Later in the day Eduardo gave us his lecture about science in Antarctica which gave us some facts about the region as well as what science work is carried out in the region by the different Antarctic Treaty nations.

We now had the first land in Antarctica in sight as well as large tabular icebergs and smaller bergs of varying shapes.
We had a re-cap where Ali told us of the plans for tomorrow and we then eagerly went to dinner full of excitement at what the following days would bring.

Day 4: Cuverville & Port Lockroy, Antarctic Peninsula

Cuverville & Port Lockroy, Antarctic Peninsula
Datum: 31.01.2019
Positie: 64°36’S / 062°35’W
Wind: SW 3
Weer: Partly Cloudy
Luchttemperatuur: +8

Having finally crossed the Drake Passage (for now!), Ali woke us up early at 6:30am, for a 7:00am breakfast: Today we would have our first landing, and on the Antarctic Continent no less!

At 8:00am, the expedition staff were ready for us at the gangway in the Zodiacs, and our first stop brought us to Cuverville Island. This is one of the biggest Gentoo penguin colonies on the continent, with some 5000 pairs. Upon landing, in which we practised our newly acquired Zodiac disembarkation skills (slide – face the driver – swing legs over – disembark), the staff had marked two paths for us which we were able to follow in either direction from the landing site, and which gave us beautiful views of a glacier and interesting observations of gentoos and their adorable offspring on the one side, and an unexpected young elephant seal on the other side in the middle of the penguin rookery!

As it was the first encounter with penguins, we couldn’t stop to take pictures of them! We were able to see all the care to the chicks, the exchanges of the parents on the nest, the feeding, relationships with neighbours and the continuous shuttles up and down the slopes of Penguin parents coming and going from feeding trips.
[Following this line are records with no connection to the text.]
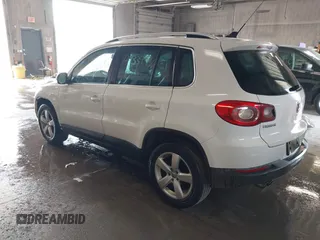 2010 Volkswagen Tiguan SEL with VIN WVGAV7AX6AW514729, listed as a IAAI auction lot 42433993 with 185,980 mi miles and . Bid and sale history available at DreamBid. Image 3.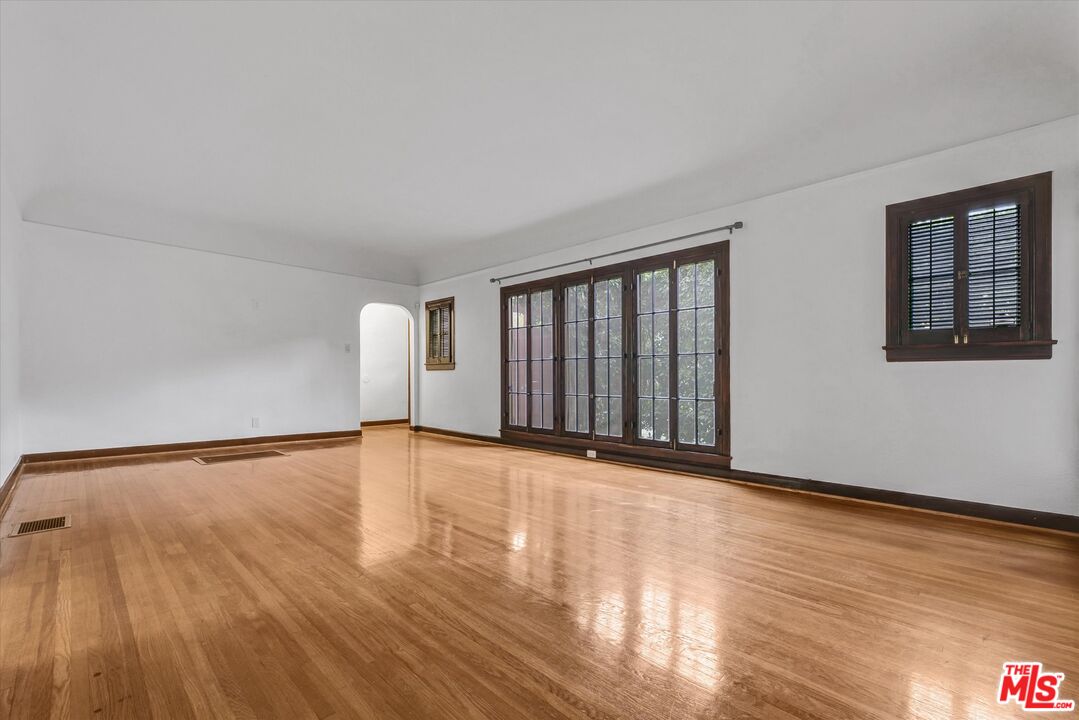 5112 Edgewood Pl Unit: 5112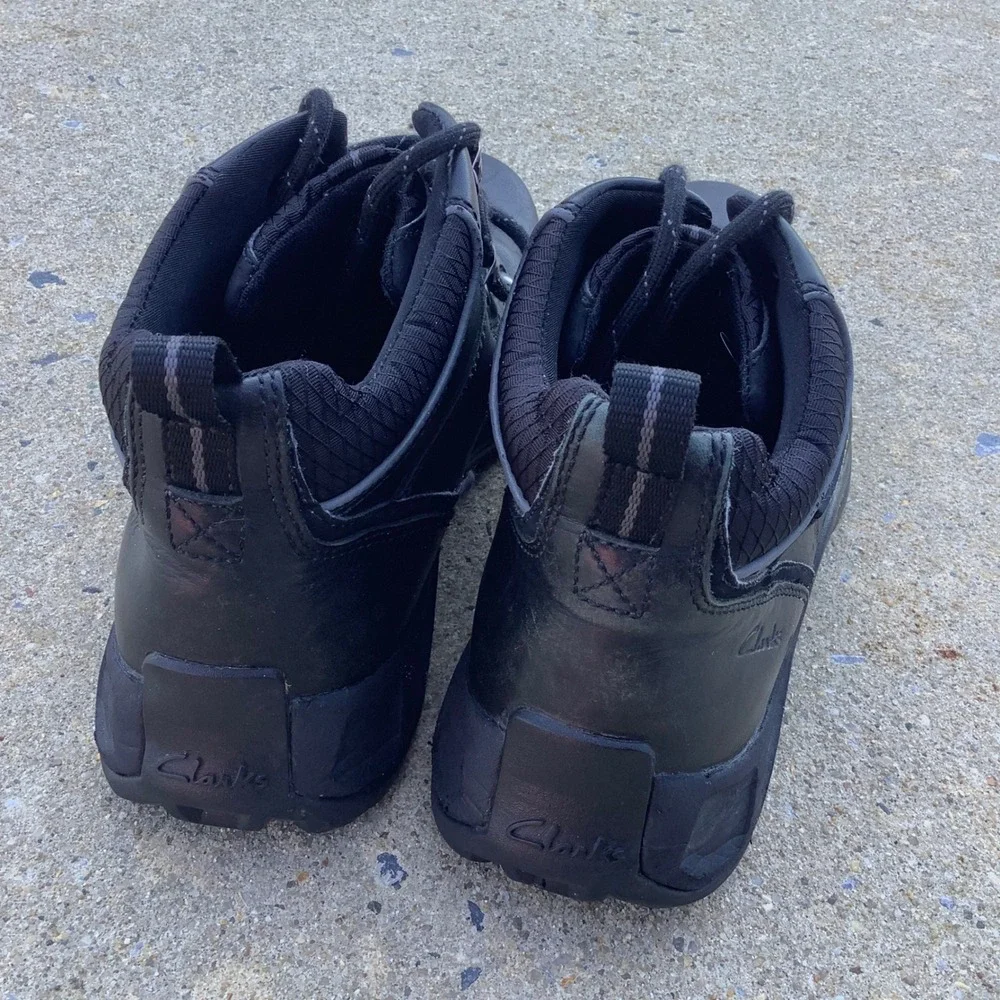 Clarks Mens Waterproof Black Leather Hiking Work Boots Size 10M 23387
After that we shuttled back to Plancius for lunch and a snooze or a bit of relaxation before we got ready for our second landing of the day, after some three hours of navigation.

Our journey took us to Port Lockroy where we visited Base “A” located in Goudier Island among hundreds of Gentoos penguins nesting around and under the buildings. One member of the Port Lockroy team had come on board before our landing and introduced the site. The small, low-lying rocky isle is designated as Historic Site and Monument under the Antarctic Treaty and is operated by the UK Antarctic Heritage Trust as a living museum. Additionally, it has a post office and a gift shop – two very important facts! Many postcards were sent, many a souvenir bought, and plenty of photos taken. Half of us landed at Port Lockroy first, and the other half were invited on a zodiac cruise around in the area before the swap of the two groups. It gave us opportunities to observe Blue eyed shags nesting, crabeater seals resting on small icebergs and a minke whale crossing the bay. Some of us even saw our first Leopard seal swimming through the water and around the zodiacs.

After this first very active day, we got our daily re-cap at 6 :30pm but it was not the end of our activities ! 30 of us had signed for a camping night on the ice in Antarctica ! Ali, our expedition leader, had planned it tonight for good meteorological reasons! So, just after our dinner, we joined a part of our expedition team, Pippa, Celine, Nicole and Jodie, our lovely doctor, ashore on Dorian Bay (Damoy Point). Some tents were put on, but for most of us we were going to use bivie bags, and experience the true sensation of sleeping on the ice in Antarctica. After some chatting and walks around, it was time to enjoy this unique night and try to sleep… until 4 :15am – the time of the wake up call to get back to the ship!

Kayakers Log
Morning
The kayakers first opportunity to get onto the water came about during the expeditions first landing on Antarctic Peninsula at Cuverville Island. It was a full zodiac of all 14 kayakers plus Alexis Bellezze (guide), Francoise (Chief Officer and proactive Zodiac Cruise Driver) and Ferdinand (Zodiac Cruise driver).

We had the best weather conditions, we were able to do a nice trip around the bay, had a nice chat with a Finnish couple who were travelling the world on the Saruma sailing boat. It was a nice first contact with Antarctic waters and was super fun and we did it well. The highlight of the day: we were able to see from very close and quiet a sleeping Humpback whale.

Afternoon:
Beautiful weather conditions. Second chance to appreciate the beautiful landscape of one of the most visited places, Port Lockroy (known as Base A by the British Antarctic Survey). Now it is a small museum with a post office with hundreds of Gentoo penguins around.
We paddled in a completely quiet Bay, looking at sea birds that are in the middle of the breeding season feeding the chicks, primarily the Blue-eyed shag. The kayakers started to feel more comfortable with the paddle techniques, inside the cockpit and with the gear.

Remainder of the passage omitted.